The story tells the tale of a white boy, Jaime, and his Cree companion, Awasin, who overcome enormous odds to survive a season stranded on the brutal tundra. (Think Australian outback, except colder). During their sojourn, their cultural differences dissolve and heir friendship deepens. So does their respect for nature.
What’s not often mentioned in the literature reviews is that the book is also a pretty good survival guide for anyone who suddenly finds himself, say, needing to pitch a tent or light a pot of seal oil.
As the Globe and Mail reported last week, “An Inuit elder and Ranger dressed in traditional animal skins taught (Mr. Harper) how to build an inuksuk, the famous northern stone figure. They later erected a traditional animal skin shelter. Mr. Harper set up the pole inside the structure under direction from his wife, Laureen Harper. The Prime Minister was also instructed how to light a traditional carved bowl lamp – which uses seal oil – but was unable to set it afire. Mr. Harper remarked wryly: ‘I guess I’d die in the wilderness.’”
Sure, but what a way to go. Canadians’ – especially southern Canadians – love affair with their great boreal region grows more ardent in late summer, when the mug and grime of the urban landscape tests all but the most stoic, the Northern Lights crackle and dance in the imagination and the call of the wild is a primal scream.
“There is nothing worth living for but to have one’s name inscribed on the Arctic chart,” the 19th century English Poet Alfred Lord Tennyson once remarked. Mr. Harper might well agree. Every summer, the glaciers continue their relentless retreat and the polar ice recedes into memory. Every summer, the prime minister is there to bear witness to both loss and opportunity, as if to say the north isn’t what it used to be and likely never will be again.

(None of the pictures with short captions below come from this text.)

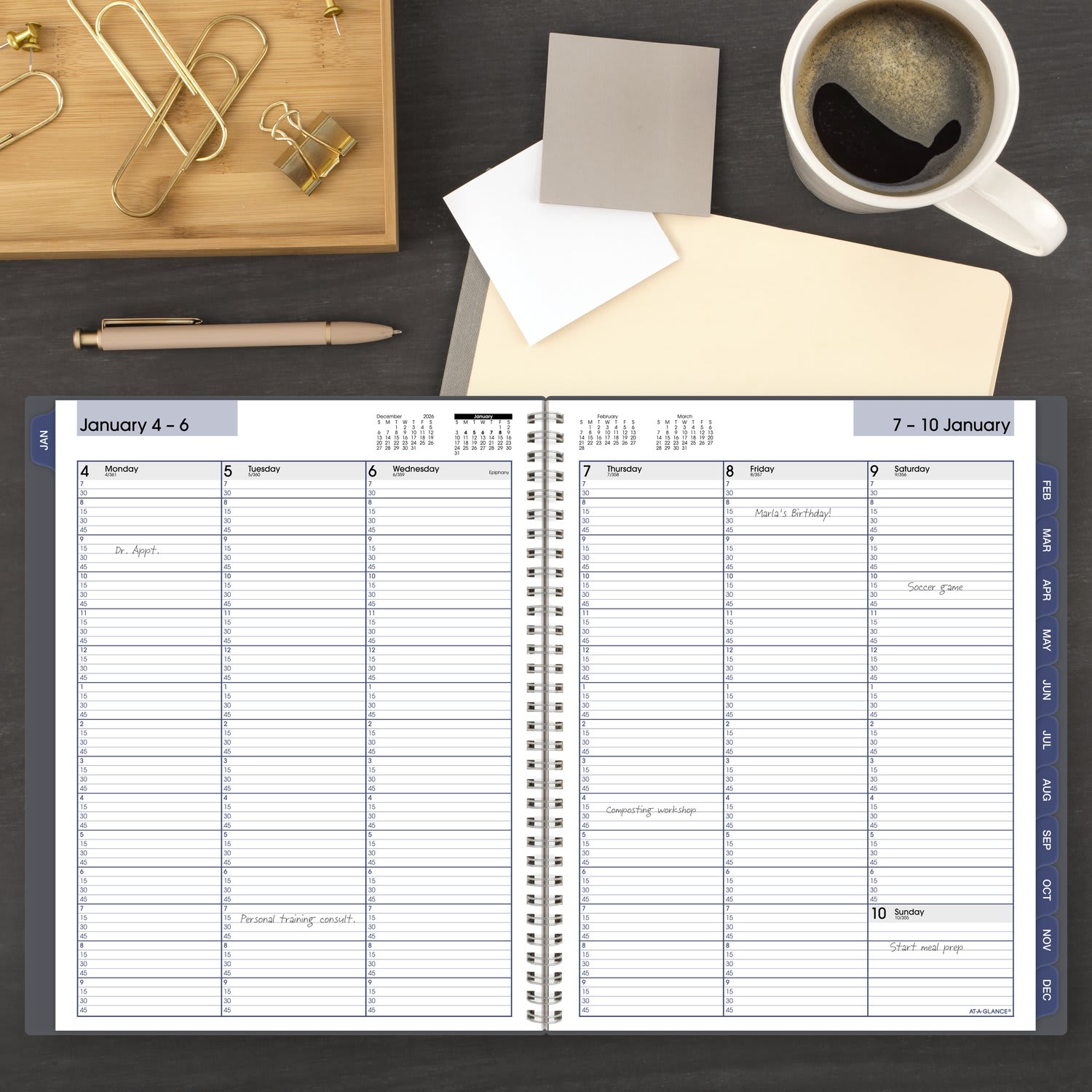 AT-A-GLANCE DayMinder 2027 Weekly Monthly Appointment Book Planner, Gray, Large, 8 1/2in x 11in - Image 3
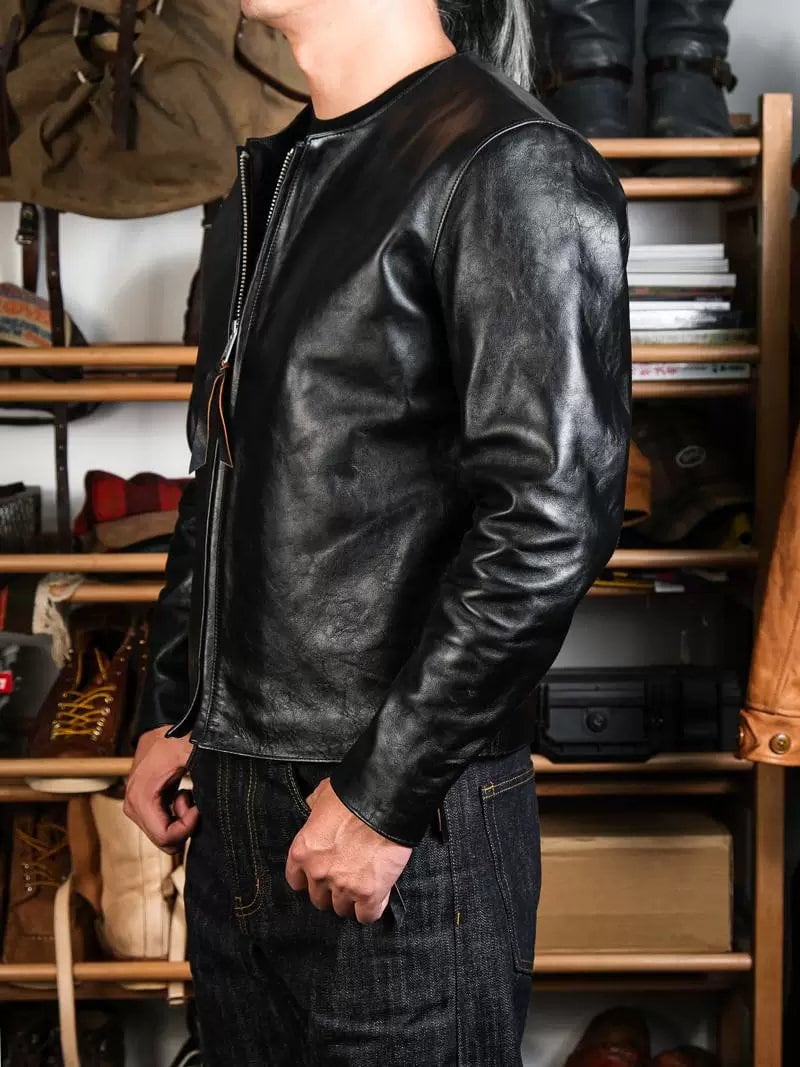 Café Racer Crew Neck — Tea-Core, 1960s Horsehide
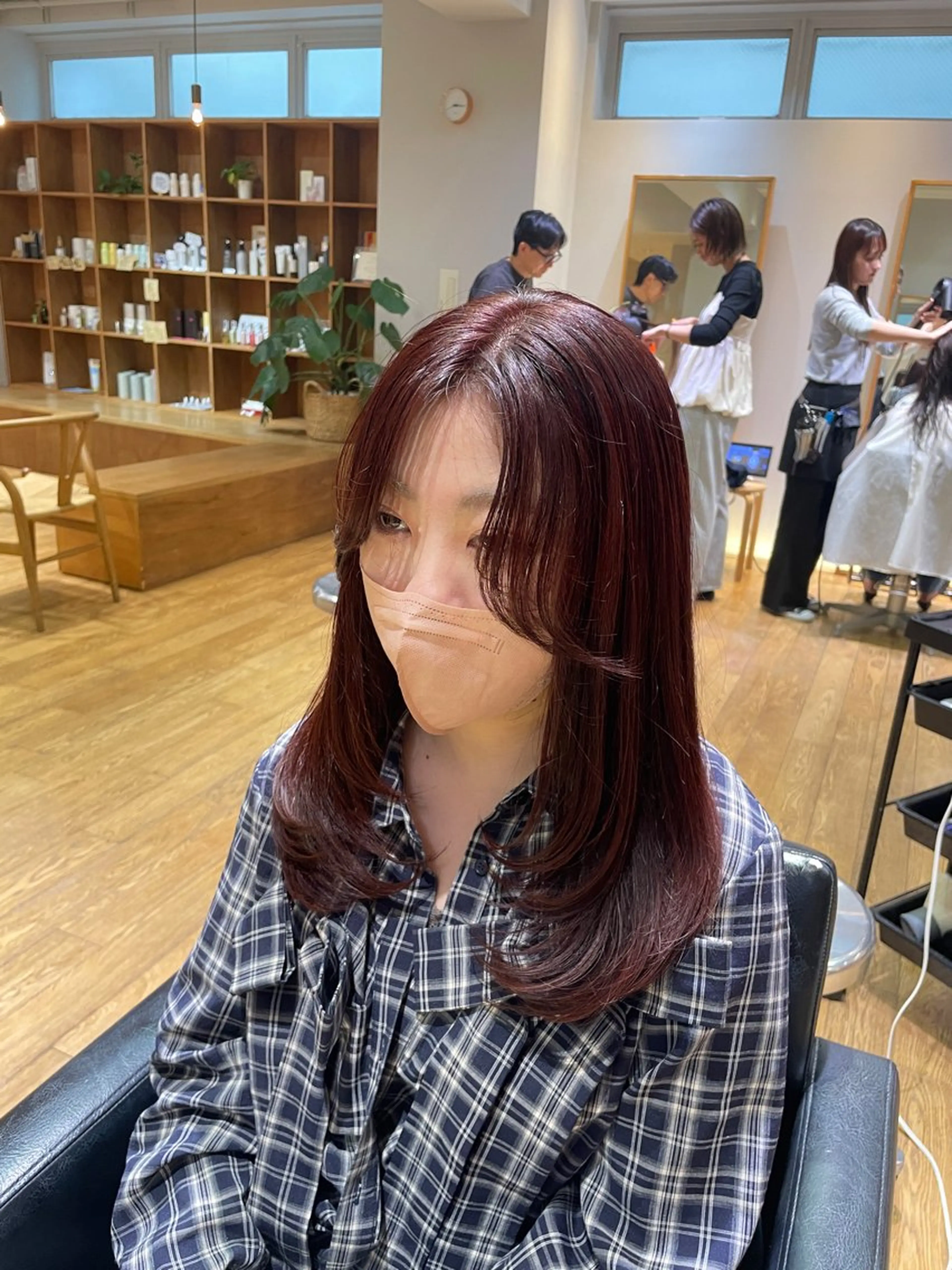 セミロング レイヤーカット ヘアカラー 縮毛矯正/暖色 カラー/ひかるのヘアスタイル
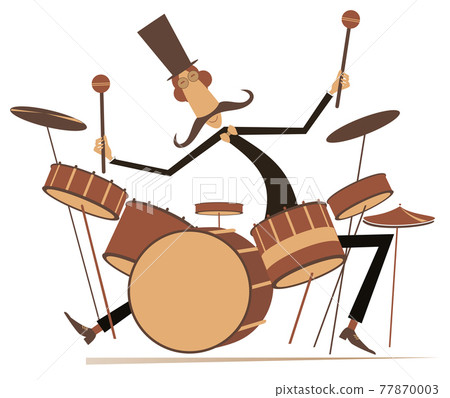 Funny mustache drummer isolated illustration. Mustache man in the top hat plays on drum kit isolated on white illustration Funny mustache drummer isolated illustration. Mustache man in the top hat plays on drum kit isolated on white illustration 77870003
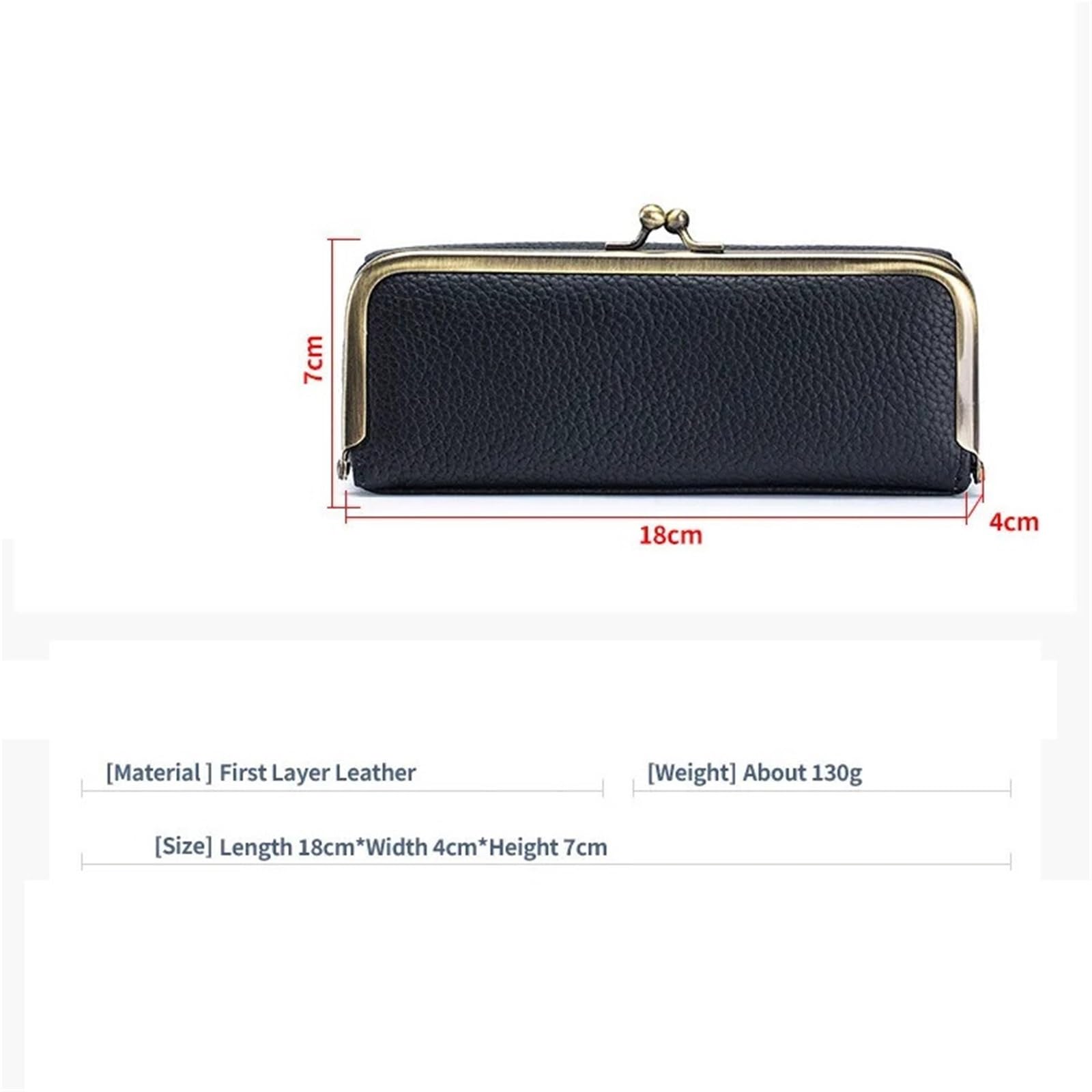estuche para gafas, Estuche de piel for gafas, unisex, con clip, for guardar sol, lápices cejas y otros objetos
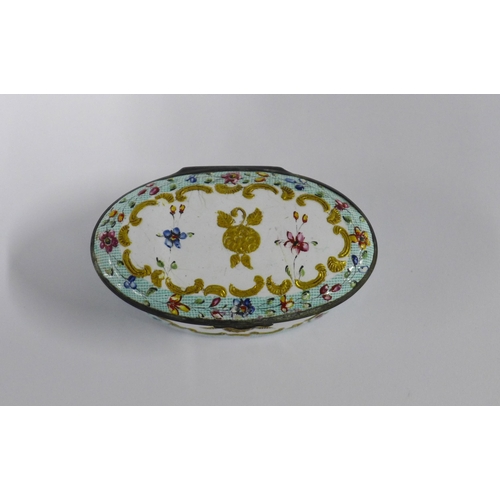 474 - Staffordshire enamel patch box, oval form with with floral spray decoration,9cm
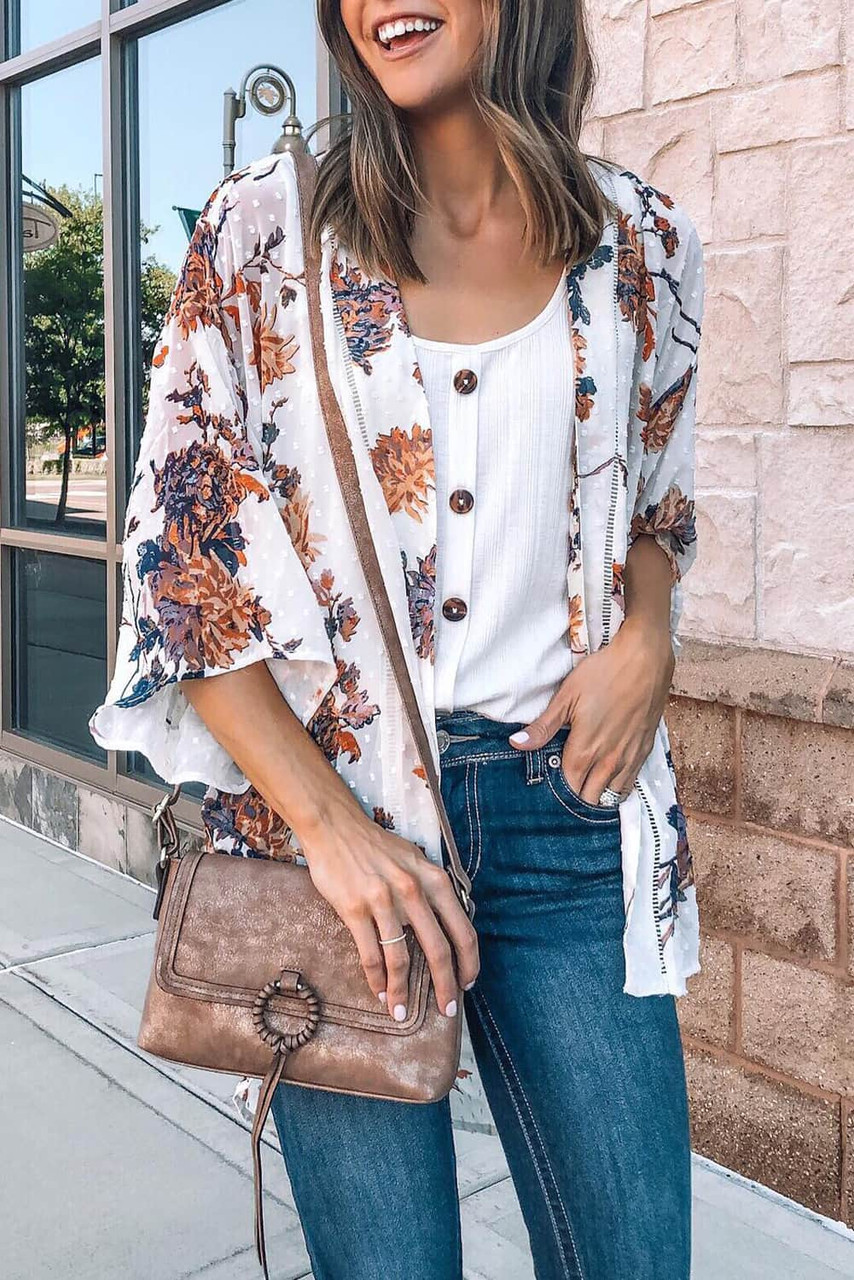 White Floral Print Open Front Bell Sleeve kimono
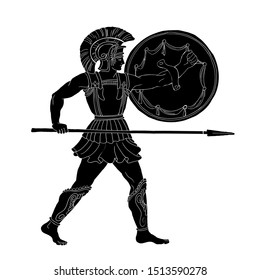 Ancient Greek warrior with a spear and shield in his hands is ready to attack. Vector illustration isolated on white background.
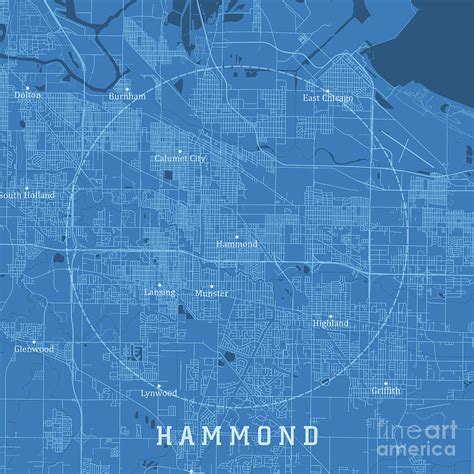 Hammond In City Vector Road Map Blue Text Digital Art By Frank Ramspott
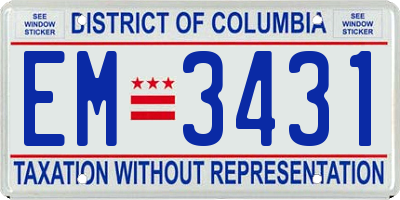 DC license plate EM3431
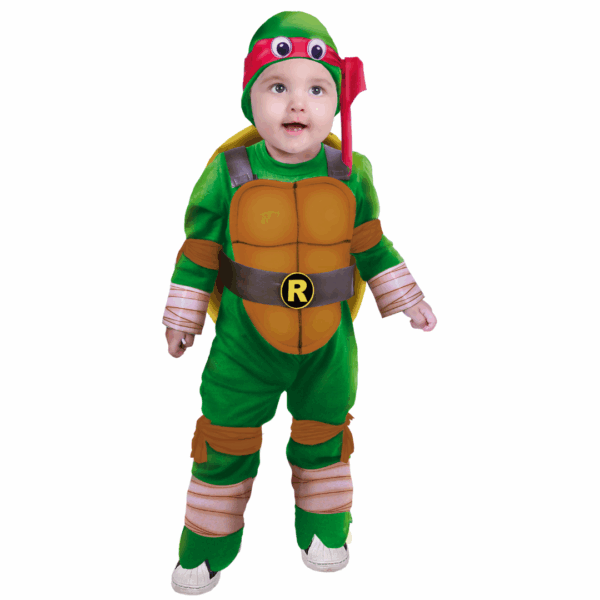 Disfraz de Tortuga Ninja para bebé, con enterizo verde, caparazón, cintas y gorro con antifaz rojo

But is that, he is wont to query, necessarily a bad thing?
“We recognize that the Arctic is growing more accessible to international shipping,” he said in Churchill, Manitoba, two years ago. “The various circumpolar countries are pressing claims that may conflict with our own. The global demand for northern resources is growing. . .The first and highest priority of our northern strategy is the protection of our Arctic sovereignty. And as I have said many times before, the first principle of sovereignty is to use it or lose it.”
Of course, the federal government’s commitment to the region depends on an essentially dialectical arrangement with the truth: Global warming is mostly hype, but that doesn’t mean we can’t exploit it. In this, the environment takes a back seat to geopolitics and whispering ski-doos.
“The Canadian military has been secretly test-driving a $620,000 stealth snowmobile in its quest to quietly whisk troops on clandestine operations in the Arctic,” reports The Canadian Press. “The Department of National Defence even has a nickname for its cutting-edge, covert tool: ‘Loki,’ after the ‘mythological Norse shape-shifting god.’”
The Arctic, today, is not only a proving ground for the armed forces; it is the site of previously undreamt economic development. Or, as Mr. Harper’s northern strategy declares, “From the development of world-class diamond mines and massive oil and gas reserves, to a thriving tourism industry that attracts visitors from around the globe, the enormous economic potential of the North is on the cusp of being unlocked.The Government is taking action to encourage future exploration and development by improving Northern regulatory systems and investing in critical infrastructure to attract investors and developers to the North.”
So much for the pitching of tents and the igniting of lamps. So much for the sentimentalities of the south. Soon, the brightest of the northern lights will belong to the derricks and diggers of industry.